This is such an unhealthy attitude. You seriously need to take a step back and
reevaluate your priorities.

------
mc3
I think it is a case of treating the job like a job. You do a solid days work
then go home. Don't worry if you didn't do it as well as the next guy or girl.
There are people that know a lot of stuff, and HN in aggregate knows a hellova
lot of stuff, but the main concern in a job is being productive, being able to
find solutions to their problems. I think an occasional course to refresh on
something is fine, but there is no pressure to code at home. There are plenty
of people doing valuable work using the C# or python or php skills they have
been using for years. Many systems will use frameworks from the 2000s.

------
kleer001
Sounds like you might need some kind of existential experience. Not too get
too mystical, but it is a practical matter, the fourth dimension of time might
help. I can help to see and feel your life from beginning to end as a single
thing. It sounds to me that you're hyper focused on a single aspect of your
life and that some perspective will help immeasurably. And if that all sounds
like gibberish then I'm totally on the side with everyone else that advised
therapy. It'll basically do what I suggested, get perspective.

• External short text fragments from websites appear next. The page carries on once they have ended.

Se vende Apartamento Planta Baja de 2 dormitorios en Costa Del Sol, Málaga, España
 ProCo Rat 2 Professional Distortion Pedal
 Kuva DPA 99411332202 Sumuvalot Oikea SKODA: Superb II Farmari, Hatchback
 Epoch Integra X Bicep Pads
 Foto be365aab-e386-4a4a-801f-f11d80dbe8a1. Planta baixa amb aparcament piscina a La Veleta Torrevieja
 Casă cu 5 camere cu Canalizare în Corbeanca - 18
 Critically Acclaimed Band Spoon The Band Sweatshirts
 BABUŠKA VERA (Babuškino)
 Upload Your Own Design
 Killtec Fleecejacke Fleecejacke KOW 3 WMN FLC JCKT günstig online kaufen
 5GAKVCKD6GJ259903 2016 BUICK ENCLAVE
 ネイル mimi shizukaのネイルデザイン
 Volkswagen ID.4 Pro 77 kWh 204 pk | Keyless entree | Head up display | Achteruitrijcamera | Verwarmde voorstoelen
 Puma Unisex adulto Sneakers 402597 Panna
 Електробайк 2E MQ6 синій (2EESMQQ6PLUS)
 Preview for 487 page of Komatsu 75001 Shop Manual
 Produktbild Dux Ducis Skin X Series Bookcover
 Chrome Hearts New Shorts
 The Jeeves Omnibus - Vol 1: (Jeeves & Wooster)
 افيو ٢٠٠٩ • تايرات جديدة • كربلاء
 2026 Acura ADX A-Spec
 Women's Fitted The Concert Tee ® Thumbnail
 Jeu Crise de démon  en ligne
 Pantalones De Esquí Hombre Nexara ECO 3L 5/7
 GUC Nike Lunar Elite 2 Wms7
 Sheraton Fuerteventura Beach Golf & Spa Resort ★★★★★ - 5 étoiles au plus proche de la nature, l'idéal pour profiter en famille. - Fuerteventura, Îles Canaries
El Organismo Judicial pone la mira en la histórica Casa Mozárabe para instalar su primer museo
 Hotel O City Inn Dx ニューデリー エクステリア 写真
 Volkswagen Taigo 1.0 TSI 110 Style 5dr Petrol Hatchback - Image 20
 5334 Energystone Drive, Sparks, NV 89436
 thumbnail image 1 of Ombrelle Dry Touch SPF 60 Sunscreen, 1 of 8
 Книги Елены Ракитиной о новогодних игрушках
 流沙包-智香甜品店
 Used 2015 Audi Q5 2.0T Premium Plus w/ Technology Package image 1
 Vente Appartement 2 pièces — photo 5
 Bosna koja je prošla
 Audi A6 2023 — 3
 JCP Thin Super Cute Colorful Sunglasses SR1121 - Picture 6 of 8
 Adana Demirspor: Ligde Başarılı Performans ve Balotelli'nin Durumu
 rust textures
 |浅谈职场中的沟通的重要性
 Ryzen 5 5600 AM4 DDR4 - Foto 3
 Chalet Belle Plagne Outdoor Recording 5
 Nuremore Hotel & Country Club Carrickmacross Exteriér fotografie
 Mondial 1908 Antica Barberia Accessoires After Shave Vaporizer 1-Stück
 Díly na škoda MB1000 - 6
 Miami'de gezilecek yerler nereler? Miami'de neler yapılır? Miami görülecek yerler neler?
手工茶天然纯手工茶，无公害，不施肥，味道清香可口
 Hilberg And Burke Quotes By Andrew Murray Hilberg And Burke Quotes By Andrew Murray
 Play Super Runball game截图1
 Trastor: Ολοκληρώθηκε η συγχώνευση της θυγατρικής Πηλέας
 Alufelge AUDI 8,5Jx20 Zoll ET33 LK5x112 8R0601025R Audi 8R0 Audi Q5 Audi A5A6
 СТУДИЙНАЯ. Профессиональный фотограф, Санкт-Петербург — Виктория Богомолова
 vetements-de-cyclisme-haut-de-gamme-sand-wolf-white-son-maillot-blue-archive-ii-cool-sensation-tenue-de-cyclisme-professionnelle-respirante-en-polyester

Also, this shit ain't easy. Life is the most difficult thing any of us will
do.

------
fbrncci
Make an effort to not be productive most of the time and draw a clear
distinction between work and leisure. Even if it feels counterproductive, not
being productive and just enjoying yourself with non-tech hobbies or non-
growth activities, likely will refresh your mind. I used to be like this; work
40hrs, then work another 20-30hrs from home. It used to work, and damn was I
productive and enjoying it. But over the years that was no longer the case.
Working on a better work/life balance and drawing that distinction did help me
get back to that state of joy though.

------
playing_colours
We start from the surface. If you want to make something significant, focusing
on constantly learning new shiny techs is not the best strategy. You need to
find a niche, a personal direction, something that you feel a sustainable
passion about - and dive into it, study, find connections, build. Life is
luck, but at least you are prepared for your chance.

But if we go deeper inside the cause of your anxiety - and you need to go that
way - I guess your problem is in self-acceptance. Do you have a courage to be
normal, can you accept and love yourself if you are mediocre, a regular person
who will not known for anything significant? Who said that you should, must be
a top performer? Can you imagine the exact achievement you need to get in
order to stop worrying and say that you fulfilled your goal?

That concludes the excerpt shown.